Pourquoi la mise en œuvre d’une telle enquête ?

Fin 2020, l’Afdas recensait une hausse de 15 % des contrats d’apprentissage (23 500) en même temps qu’une baisse de 20 % des contrats de professionnalisation (6 780). Nous avons l’intuition que la bascule automatique des contrats de pro vers l’apprentissage, consécutive aux nouveaux modes de financement, n’explique pas ce différentiel à elle seule. Les raisons en sont certainement plus complexes et multifactorielles. Par exemple, en 2019, 40 % des contrats de professionnalisation du périmètre de l’Afdas étaient qualifiants, reconnus par une convention collective de branche. En 2020, ce ratio n’était plus que d’un sur six. Pourquoi ? On peut imaginer que cette baisse de la pro s’explique en partie parce que plusieurs de ces contrats s’inscrivaient dans un processus de prérecrutement qui n’a pas eu lieu ou qu’ils sont entrés en concurrence avec certains dispositifs du plan « 1 jeune, 1 solution » et les aides au recrutement. Par ailleurs, n’oublions pas que beaucoup de contrats d’apprentissage dans le périmètre de l’Afdas sont réalisés dans le cadre de l’Éducation nationale et de l’enseignement supérieur. On ne peut pas écarter la possibilité qu’un certain nombre de cursus hier réalisés sous statut étudiant le sont désormais sous celui d’apprenti – qui permet au jeune d’être salarié le temps de son parcours. Notre étude permettra sans doute d’y voir plus clair.

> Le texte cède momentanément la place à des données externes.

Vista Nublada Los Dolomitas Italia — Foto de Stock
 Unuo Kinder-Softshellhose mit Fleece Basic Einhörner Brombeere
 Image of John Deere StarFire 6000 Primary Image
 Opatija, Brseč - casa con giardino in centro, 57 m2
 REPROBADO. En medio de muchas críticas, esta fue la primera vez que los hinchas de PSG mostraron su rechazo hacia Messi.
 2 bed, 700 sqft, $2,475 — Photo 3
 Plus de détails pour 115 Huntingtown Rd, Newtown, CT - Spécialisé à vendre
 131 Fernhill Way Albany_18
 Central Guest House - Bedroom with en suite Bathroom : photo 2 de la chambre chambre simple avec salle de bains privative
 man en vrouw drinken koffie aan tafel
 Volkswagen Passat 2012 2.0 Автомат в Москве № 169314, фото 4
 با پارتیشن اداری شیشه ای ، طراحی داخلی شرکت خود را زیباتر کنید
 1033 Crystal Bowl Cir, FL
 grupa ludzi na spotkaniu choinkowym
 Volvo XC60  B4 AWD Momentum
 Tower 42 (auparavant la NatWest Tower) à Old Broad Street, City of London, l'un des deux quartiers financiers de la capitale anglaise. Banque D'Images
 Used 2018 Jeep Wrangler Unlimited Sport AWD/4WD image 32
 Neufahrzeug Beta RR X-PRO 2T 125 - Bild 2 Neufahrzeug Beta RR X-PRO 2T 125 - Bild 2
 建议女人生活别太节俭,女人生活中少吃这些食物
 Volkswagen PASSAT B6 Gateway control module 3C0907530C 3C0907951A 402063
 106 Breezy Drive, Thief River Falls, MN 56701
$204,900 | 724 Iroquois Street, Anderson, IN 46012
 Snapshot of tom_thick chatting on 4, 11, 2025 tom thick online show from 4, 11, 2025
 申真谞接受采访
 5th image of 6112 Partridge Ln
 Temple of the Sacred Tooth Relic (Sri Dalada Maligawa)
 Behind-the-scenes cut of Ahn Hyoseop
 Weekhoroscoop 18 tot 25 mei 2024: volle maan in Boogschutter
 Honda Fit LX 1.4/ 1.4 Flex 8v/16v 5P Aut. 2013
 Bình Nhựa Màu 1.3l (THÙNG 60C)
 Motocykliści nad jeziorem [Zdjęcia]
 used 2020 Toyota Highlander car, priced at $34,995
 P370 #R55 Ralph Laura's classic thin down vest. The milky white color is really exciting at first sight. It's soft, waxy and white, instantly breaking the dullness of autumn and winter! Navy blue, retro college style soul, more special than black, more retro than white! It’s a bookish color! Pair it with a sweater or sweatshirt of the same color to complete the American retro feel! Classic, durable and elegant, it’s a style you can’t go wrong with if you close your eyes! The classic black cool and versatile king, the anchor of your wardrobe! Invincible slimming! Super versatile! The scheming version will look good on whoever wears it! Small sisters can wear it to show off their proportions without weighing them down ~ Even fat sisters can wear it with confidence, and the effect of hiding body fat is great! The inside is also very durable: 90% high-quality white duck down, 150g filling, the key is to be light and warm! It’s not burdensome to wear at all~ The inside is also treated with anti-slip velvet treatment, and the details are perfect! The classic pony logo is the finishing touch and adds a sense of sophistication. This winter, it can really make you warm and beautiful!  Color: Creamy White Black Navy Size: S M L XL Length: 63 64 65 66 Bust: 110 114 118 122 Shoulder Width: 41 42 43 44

Certaines branches de l’Afdas étaient historiquement attachées au contrat de pro. Y constatez-vous la même bascule ?

Plusieurs de nos secteurs, comme l’audiovisuel ou le spectacle vivant, demeurent des utilisateurs de contrats de pro et de CQP. Dans le cadre de l’enquête, nous verrons si de nouvelles entreprises consommatrices d’alternance sont allées vers l’apprentissage suite aux campagnes de promotion du gouvernement ou aux aides financières de l’État. Pour l’instant, la tendance qui se dessine, c’est que les entreprises « primo accédantes » à l’alternance choisissent plutôt le contrat d’apprentissage. Il faudra affiner cette perspective en regardant leurs comportements les années suivantes.

Comment voyez-vous l’avenir du contrat de professionnalisation ?

Ironie de l’histoire, on pourrait assister à une forme de « retour vers le futur », c’est-à-dire un retour à ce qui était la vocation du contrat de qualification (1982-2006) : qualifier et professionnaliser ! Il avait fini par évoluer vers du diplômant alors qu’il n’avait pas été créé pour cela. Régulièrement, à chaque réforme ou presque, on repose la question de la fusion entre contrat d’apprentissage et contrat de pro. Je ne suis pas sûr que ce soit une bonne idée. À l’Afdas, les entreprises font un usage différent des deux. Les deux contrats n’ont ni le même rapport formation-emploi, ni la même vocation. L’apprentissage reste avant tout un mode pédagogique de formation initiale qui permet, par exemple, la poursuite d’études après l’obtention de la qualification. La professionnalisation s’inscrit davantage dans une logique d’expertise métier, plus « adéquationniste » entre ce à quoi on se forme et le métier qu’on va exercer. Ce que souhaitent en revanche les entreprises et sans doute les bénéficiaires, c’est une harmonisation des conditions d’emploi – charges, rémunération. Il est probable que, le cas échéant, on entendra moins parler de fusion inéluctable !

(1) Opco de la culture, des industries créatives et récréatives (dont le sport), et des télécommunications.